Advances in Meteorology | 2010
Colin D. O'Dowd; Claire Scannell; Jane Mulcahy; S. Gerard Jennings
The Mulcahy (Mulcahy et al., 2008) power-law parameterization, derived at the coastal Atlantic station Mace Head, between clean marine aerosol optical depth (AOD) and wind speed is compared to open ocean MODIS-derived AOD versus wind speed. The reported AOD versus wind speed (U) was a function of ~U2. The open ocean MODIS-derived AOD at 550 nm and 860 nm wavelengths, while in good agreement with the general magnitude of the Mulcahy parameterization, follows a power-law with the exponent ranging from 0.72 to 2.47 for a wind speed range of 2–18 m. For the four cases examined, some MODIS cases underestimated AOD while other cases overestimated AOD relative to the Mulcahy scheme.
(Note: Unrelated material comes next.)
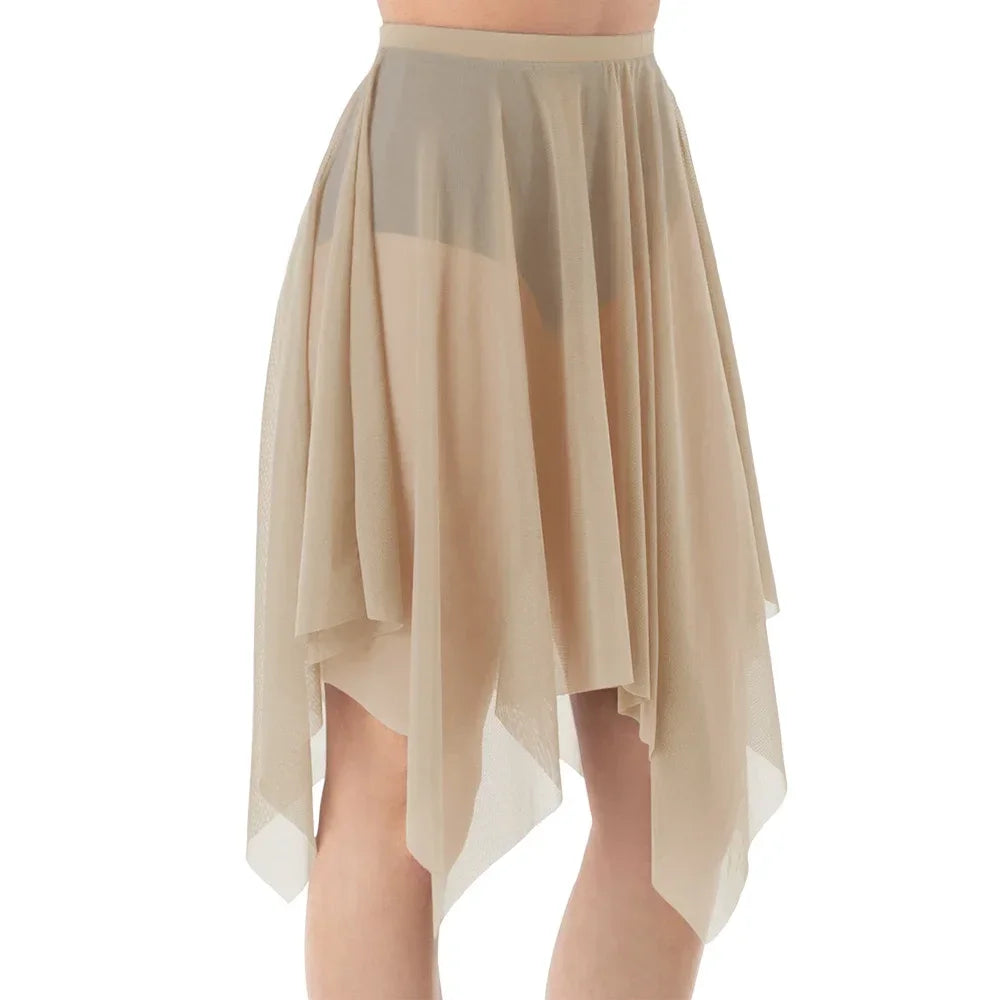 Handkerchief Hem Mesh Ballet Skirt with Child and Adult Size Options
Overall, the results from MODIS support the general power-law relationship of Mulcahy, although some linear cases were also encountered in the MODIS dataset. Deviations also arise between MODIS and Mulcahy at higher wind speeds (>15 m), where MODIS-derived AOD returns lower values as compared to Mulcahy. The results also support the suggestion than wind generated sea spray, under moderately high winds, can rival anthropogenic pollution plumes advecting out into marine environments with wind driven AOD contributing to AOD values approaching 0.3.